◆ TO DO
Once the line holding "Vestido Maxi de" is found in the entries below, transcribe exactly every line up to and including the one holding "Carver Black End Table", but leave out the pictures.

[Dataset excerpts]
□ □ □ □
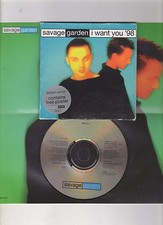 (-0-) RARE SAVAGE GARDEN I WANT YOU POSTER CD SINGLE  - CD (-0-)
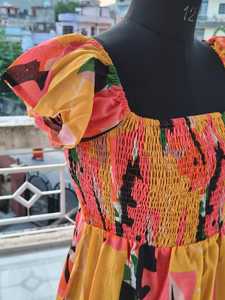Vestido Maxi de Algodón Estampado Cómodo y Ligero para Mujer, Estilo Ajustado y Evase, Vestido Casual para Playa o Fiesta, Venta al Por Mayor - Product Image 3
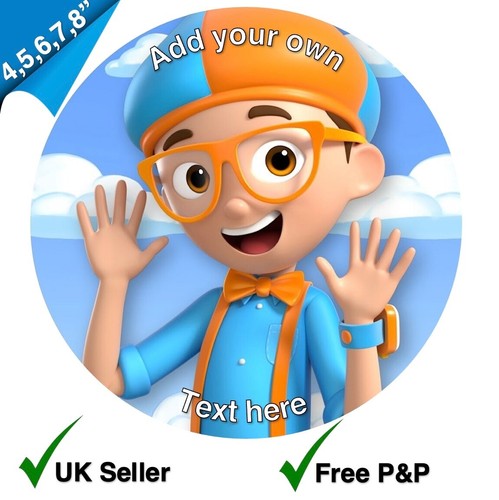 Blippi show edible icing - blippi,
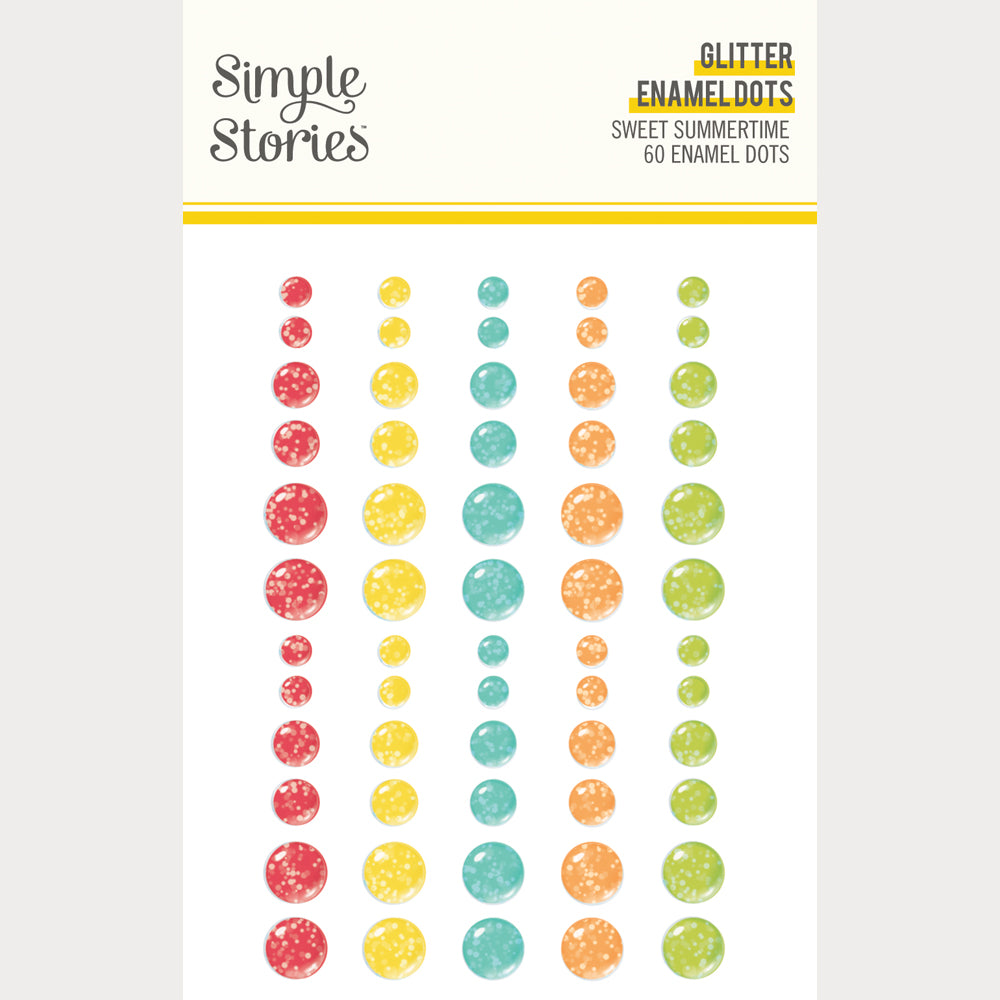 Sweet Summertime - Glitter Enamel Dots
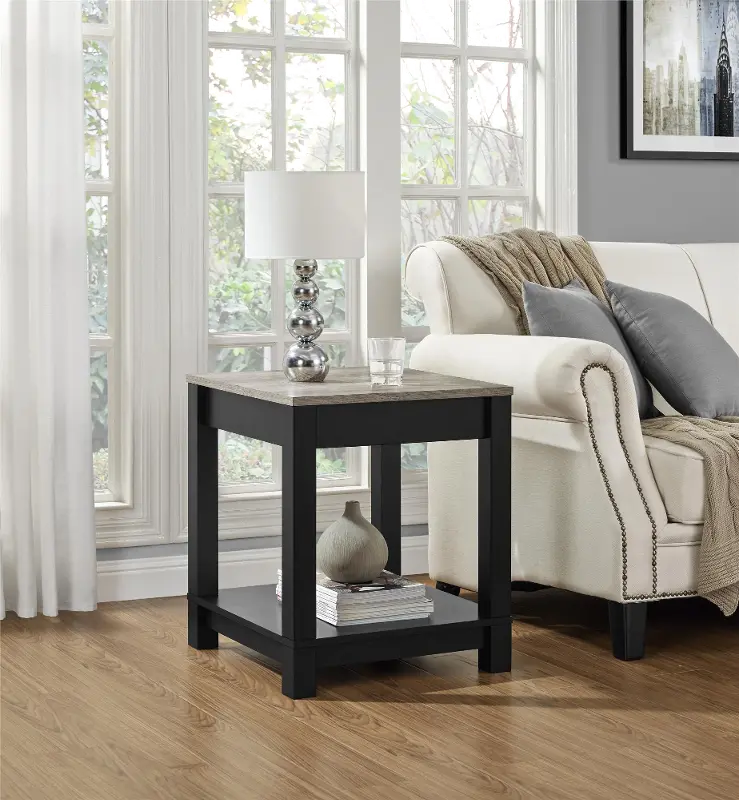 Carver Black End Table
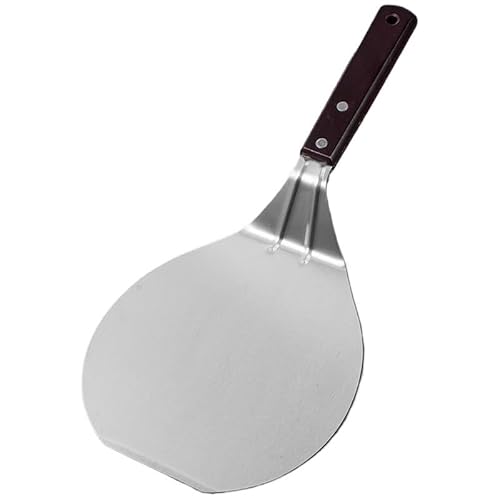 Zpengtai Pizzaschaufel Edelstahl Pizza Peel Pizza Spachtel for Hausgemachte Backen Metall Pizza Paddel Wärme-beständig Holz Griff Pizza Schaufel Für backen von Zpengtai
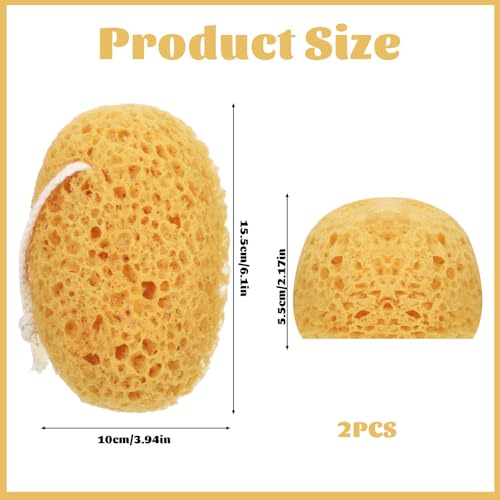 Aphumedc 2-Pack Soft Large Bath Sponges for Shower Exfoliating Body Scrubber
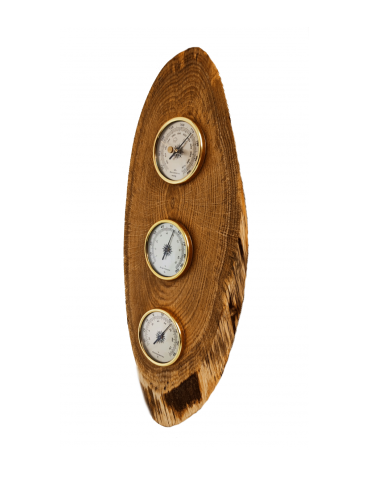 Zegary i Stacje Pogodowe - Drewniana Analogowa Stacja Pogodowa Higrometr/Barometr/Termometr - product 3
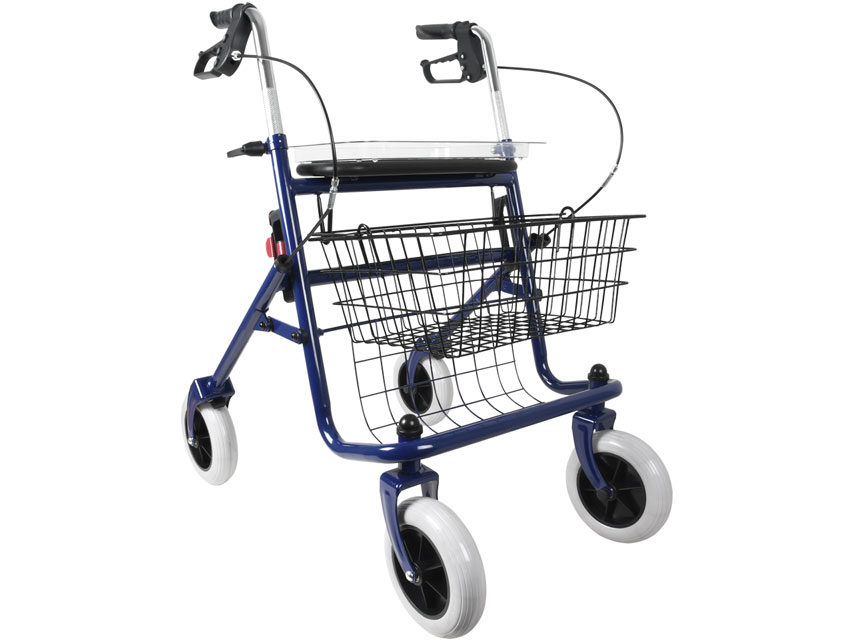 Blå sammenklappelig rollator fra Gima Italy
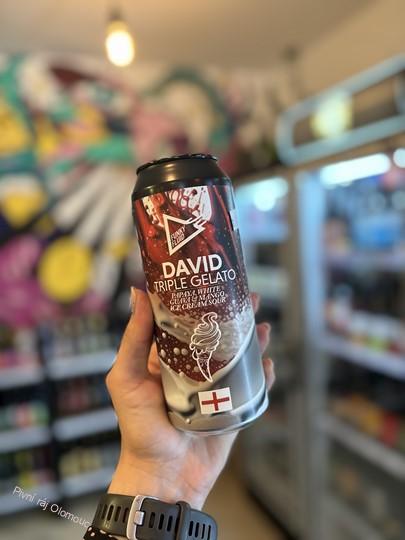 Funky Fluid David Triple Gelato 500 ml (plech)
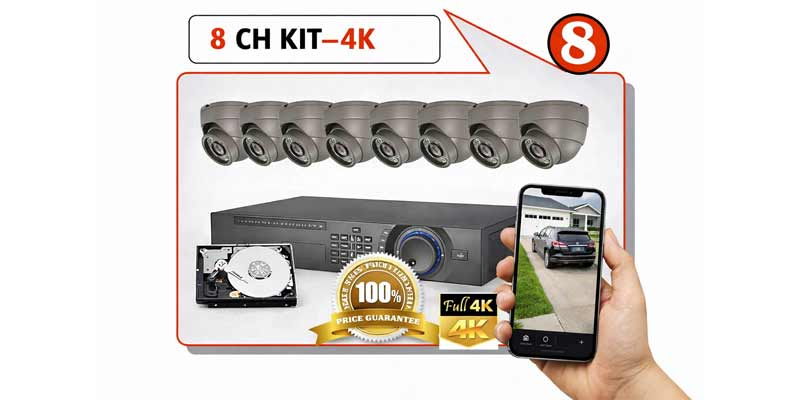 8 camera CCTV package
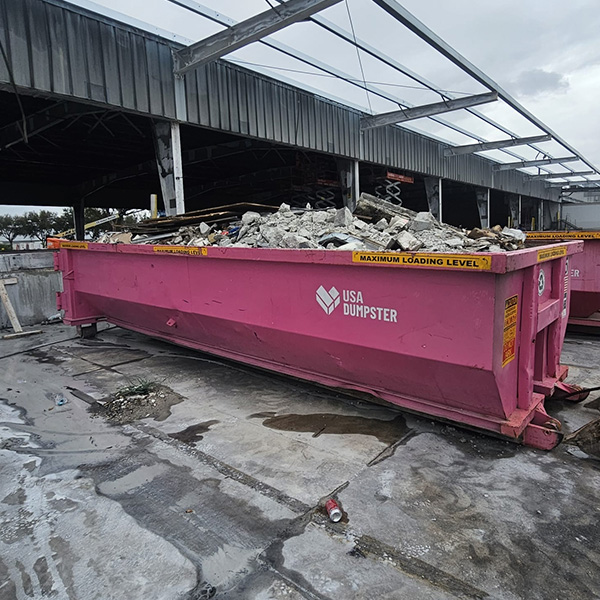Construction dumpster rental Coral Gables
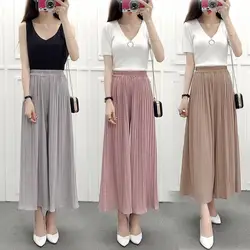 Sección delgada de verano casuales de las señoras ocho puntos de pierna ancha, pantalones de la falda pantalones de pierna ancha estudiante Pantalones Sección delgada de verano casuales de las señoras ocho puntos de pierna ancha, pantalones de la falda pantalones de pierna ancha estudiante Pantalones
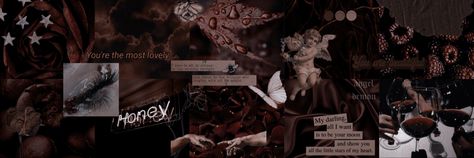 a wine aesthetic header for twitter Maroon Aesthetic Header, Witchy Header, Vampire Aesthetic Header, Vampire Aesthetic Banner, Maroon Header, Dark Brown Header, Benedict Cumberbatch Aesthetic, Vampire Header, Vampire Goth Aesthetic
□ □ □ □
◆ SOLVED PROBLEM
Vestido Maxi de Algodón Estampado Cómodo y Ligero para Mujer, Estilo Ajustado y Evase, Vestido Casual para Playa o Fiesta, Venta al Por Mayor - Product Image 3
 Blippi show edible icing - blippi,
 Sweet Summertime - Glitter Enamel Dots
 Carver Black End Table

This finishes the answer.